How to complete this task:
Would you print the data below exactly, leaving out every picture?

Data provided:

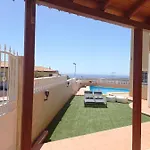 Nancy Tenerife Sur * Granadilla De Abona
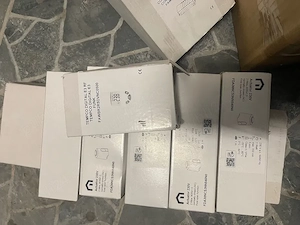 Vand automatizare Purmo incalzire in pardoseala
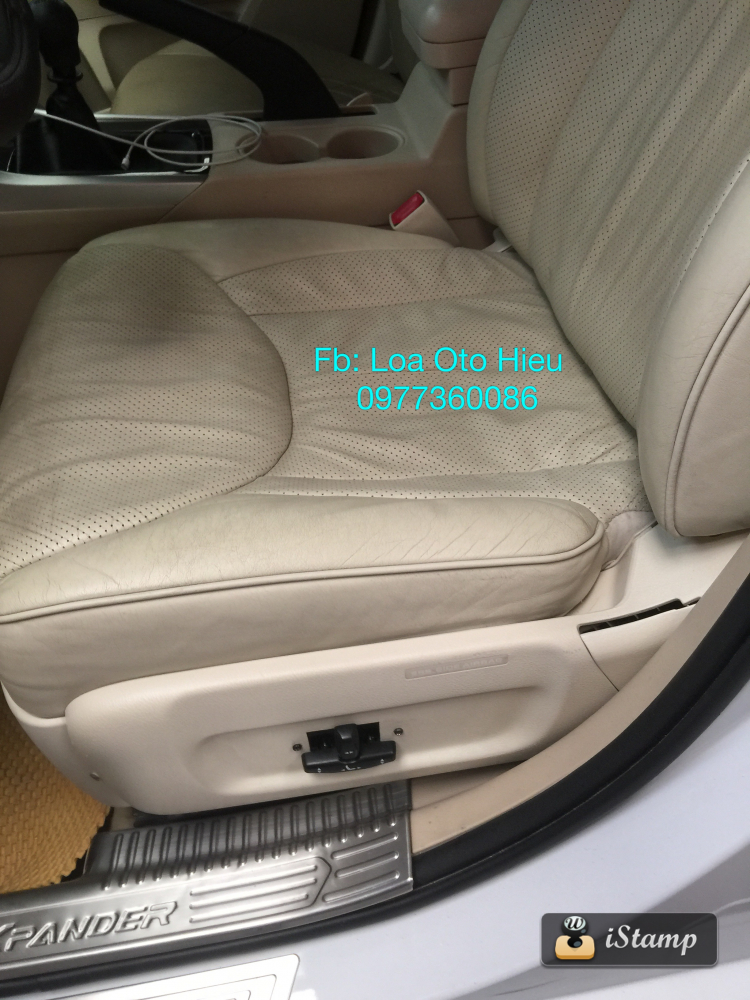 Chuyên độ Ghế điện Lexus Ls 600h - Lx 570- Ls 460L... Chuyên độ Ghế điện Lexus Ls 600h - Lx 570- Ls 460L...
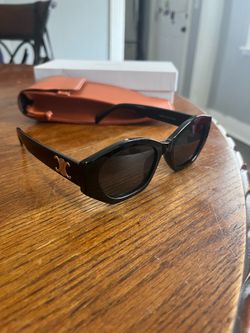 Celine Luxury Sunglasses Women’s! Brand new!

Worked solution:
 Nancy Tenerife Sur * Granadilla De Abona
 Vand automatizare Purmo incalzire in pardoseala
 Chuyên độ Ghế điện Lexus Ls 600h - Lx 570- Ls 460L... Chuyên độ Ghế điện Lexus Ls 600h - Lx 570- Ls 460L...
 Celine Luxury Sunglasses Women’s! Brand new!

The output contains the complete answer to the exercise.